[[ Recorded data open ]]

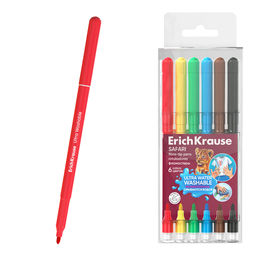 АКЦИЯ Цена за 24 шт. Фломастеры ErichKrause Safari Ultra Washable 6 цветов (в футляре с европодвесом 6 шт)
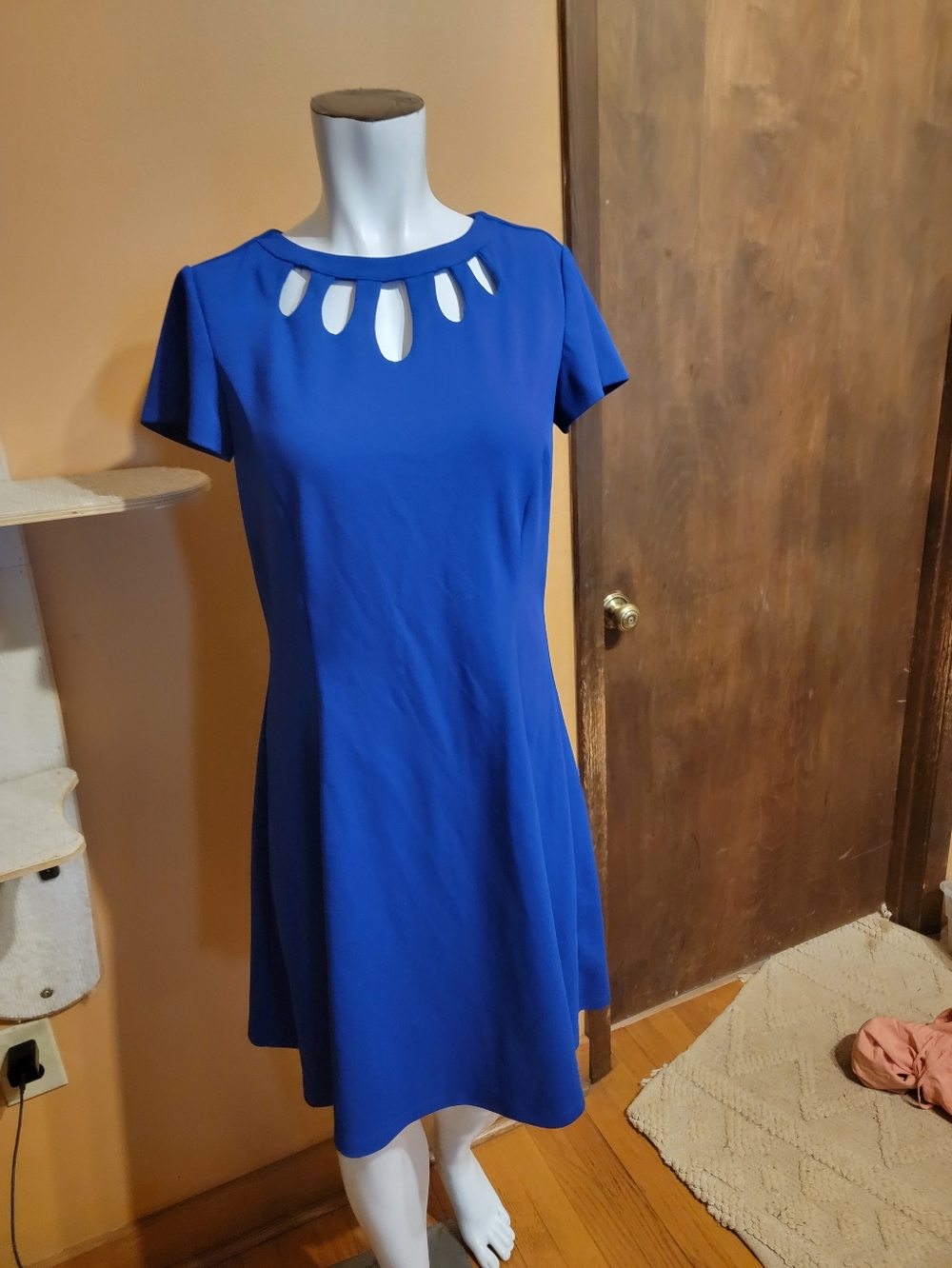 Women's Royal Blue Cutout Neck A-Line Dress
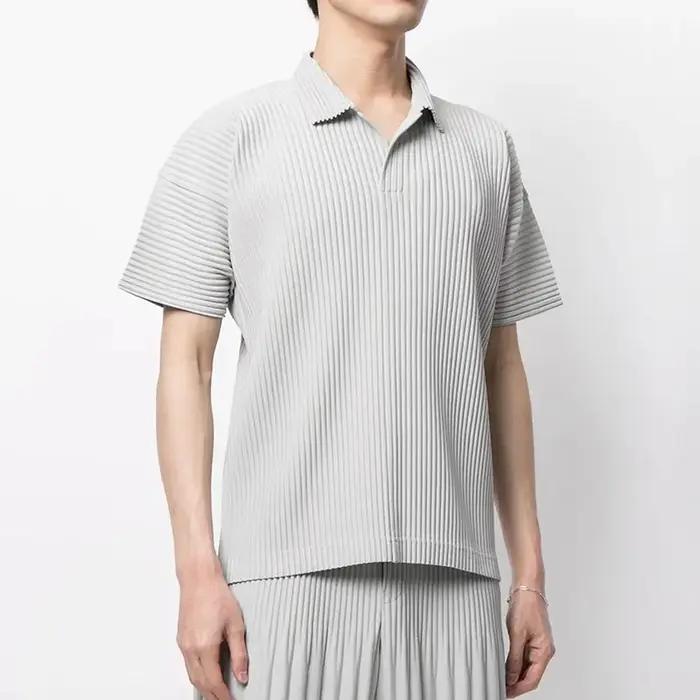 ISSEY T-Shirt 2026 nouveauté japonais Miyake Style haut plissé avec col ample polyvalent décontracté à manches courtes Polo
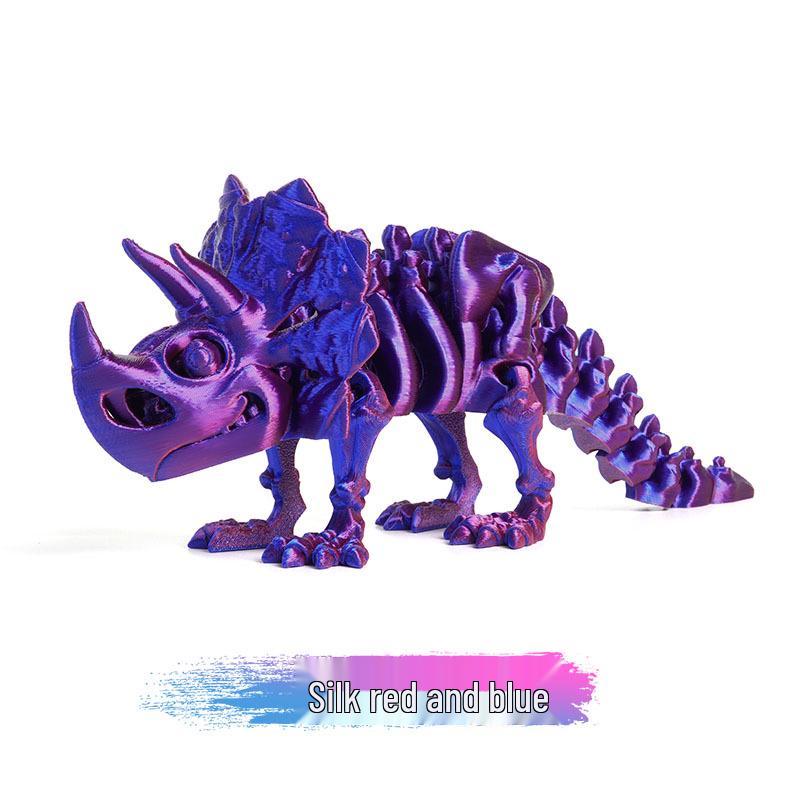 Eco-Friendly 3D Printed Dragon and Triceratops Dinosaur Skeleton Ornament Toy Figurine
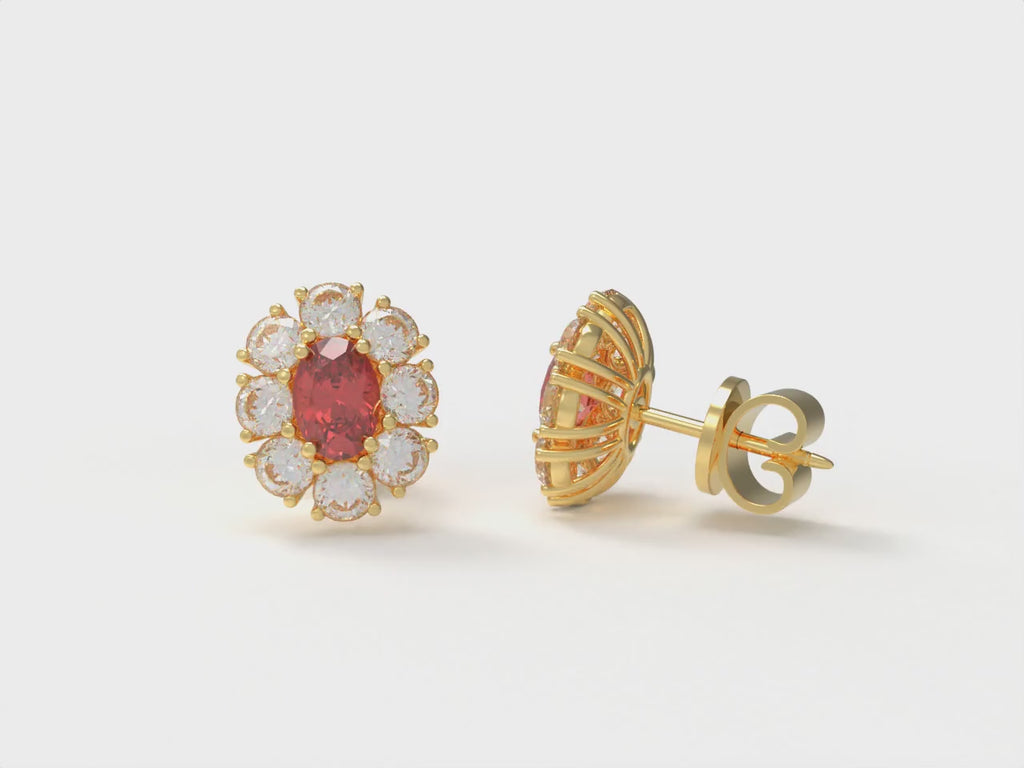 Ruby Camellia 2.50CTW Lab-Grown Ruby & Diamond Floral Stud Earrings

[[ Recorded data closed ]]

**Action item**
Print all the records exactly, minus any images.

**Reply**
 АКЦИЯ Цена за 24 шт. Фломастеры ErichKrause Safari Ultra Washable 6 цветов (в футляре с европодвесом 6 шт)
 Women's Royal Blue Cutout Neck A-Line Dress
 ISSEY T-Shirt 2026 nouveauté japonais Miyake Style haut plissé avec col ample polyvalent décontracté à manches courtes Polo
 Eco-Friendly 3D Printed Dragon and Triceratops Dinosaur Skeleton Ornament Toy Figurine
 Ruby Camellia 2.50CTW Lab-Grown Ruby & Diamond Floral Stud Earrings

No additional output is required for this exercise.